What the exercise asks: Repeat every line of the data exactly; the pictures stay out.

Stored items from a collection

* * * * *

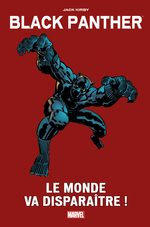 Black Panther - Le Monde Va Disparaître ! 1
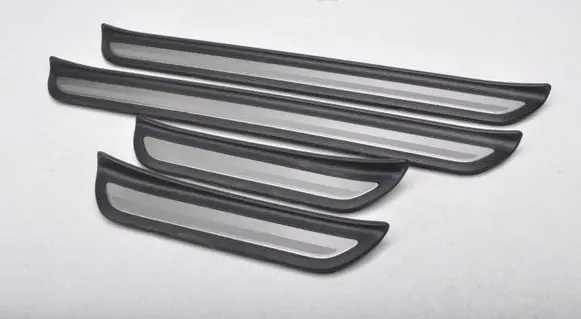 KIA Ceed sill trim set (inner) 85884-J7000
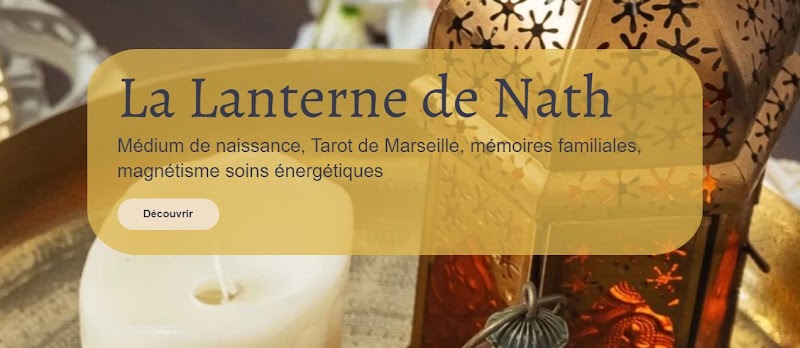 La Lanterne de Nath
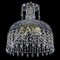 Подвесной светильник Bohemia Ivele Crystal 1478 14781/30 G Drops BI_14781_30_G_Drops - фото 9857981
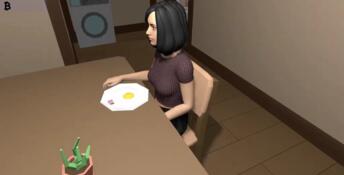 Simple Girl PC Screenshot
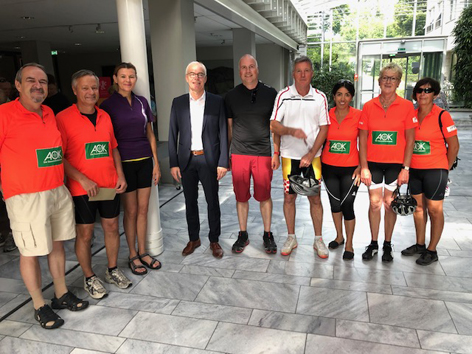 Tour de Kreisle 2019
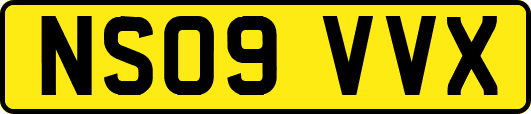 NS09VVX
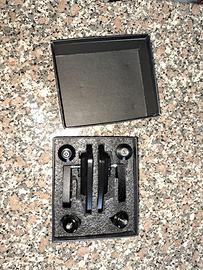 Specchietti universali moto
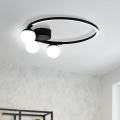 Eglo 99375 - Φωτιστικό οροφής LED PHIANEROS LED/22W/230V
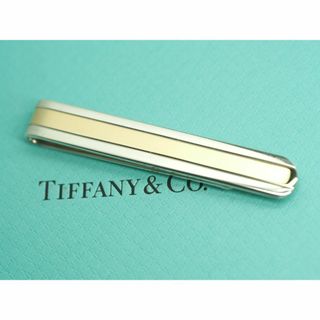 Tiffany & Co. - ティファニー ネクタイピン ゴルフクラブ Tiffany & Co. - ティファニー ネクタイピン ゴルフクラブ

* * * * *

Task output:
 Black Panther - Le Monde Va Disparaître ! 1
 KIA Ceed sill trim set (inner) 85884-J7000
 La Lanterne de Nath
 Подвесной светильник Bohemia Ivele Crystal 1478 14781/30 G Drops BI_14781_30_G_Drops - фото 9857981
 Simple Girl PC Screenshot
 Tour de Kreisle 2019
 NS09VVX
 Specchietti universali moto
 Eglo 99375 - Φωτιστικό οροφής LED PHIANEROS LED/22W/230V
 Tiffany & Co. - ティファニー ネクタイピン ゴルフクラブ Tiffany & Co. - ティファニー ネクタイピン ゴルフクラブ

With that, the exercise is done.